Star Trek: Discovery Proves Starfleet's Prime Directive Is Useless - hong nhung

   

Summary

  • Star Trek: Discovery season 5 shows the Prime Directive creates more harm than good due to outdated societal norms.
  • Almost always, Starfleet captains break the Prime Directive to favor compassion and help others.
  • In the 32nd century, the Prime Directive is deemed outdated and unnecessary for Starfleet's exploration.

Star Trek: Discovery Proves Starfleet's Prime Directive Is Useless

Star Trek: Discovery season 5 proves that Star Trek's Prime Directive is essentially useless. In Star Trek: Discovery season 5, episode 6, "Whistlespeak", written by Kenneth Lin and Brandon Schultz, and directed by Chris Byrne, the hunt for the Progenitors' technology brings Captain Michael Burnham (Sonequa Martin-Green) and Lieutenant Sylvia Tilly (Mary Wiseman) to the planet Halem'no, where Denobulan scientist Hitoroshi Kreel installed five weather stations to help Halem'no's naturally arid climate flourish. Due to lack of regular maintenance by the pre-warp Halem'nites, only one station remains operational, so Burnham and Tilly must retrieve the clue and fix the station without breaking the Prime Directive.

By dictating a policy of non-interference with species that haven't discovered warp drive, Star Trek's Prime Directive stories ask Starfleet captains to choose between law and compassion, and compassion almost always wins. For example, in Star Trek: Strange New Worlds' series premiere, Captain Christopher Pike (Anson Mount) eschews the Prime Directive entirely to save the planet Kiley 279 from a nuclear holocaust by revealing their similarities to Earth's own troubled past. Captain Jean-Luc Picard (Patrick Stewart) respects the Prime Directive, but in Star Trek: The Next Generation season 2, episode 15, "Pen Pals", a young girl's plea for help convinces Picard to save an entire planet.

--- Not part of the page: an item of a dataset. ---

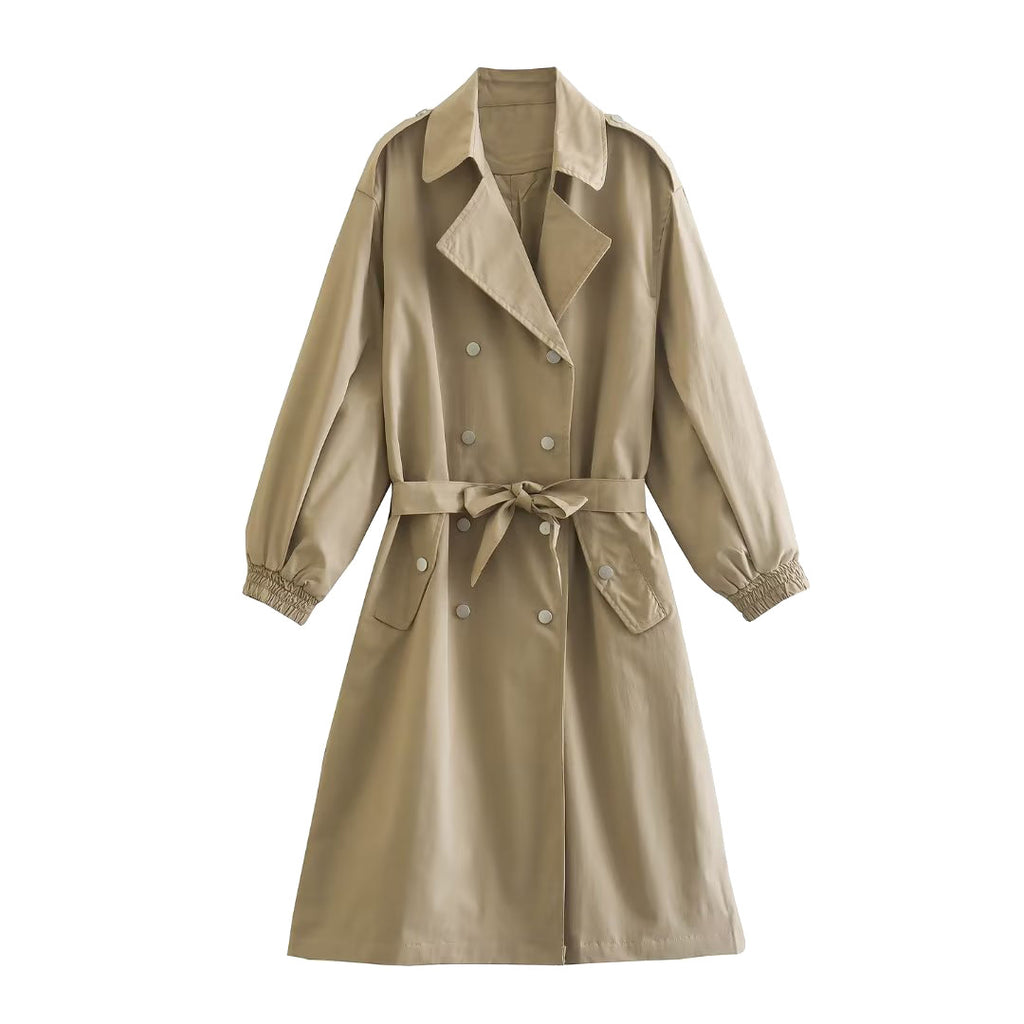 Women's Loose Jacket with Stretch Cuff Windbreaker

Star Trek's Prime Directive Exists To Be Broken

Burnham makes the same call as previous Star Trek captains.

Star Trek: Discovery season 5, episode 6, "Whistlespeak", follows the patterns of Picard, Pike, and previous Prime Directive Star Trek episodes when Starfleet captains listened to their consciences, as Captain Michael Burnham proves that the Prime Directive actually does more harm than good. Kreel meant well by installing the Halem'no weather stations, but the Prime Directive prevented explaining how they worked, so after the stations failed, the Halem'nites doubled down on sacrificing their own people to appease their gods. Burnham explains the technology that brings rain to Halem'no requires maintenance, and puts a stop to needless living sacrifices -- including Lieutenant Tilly.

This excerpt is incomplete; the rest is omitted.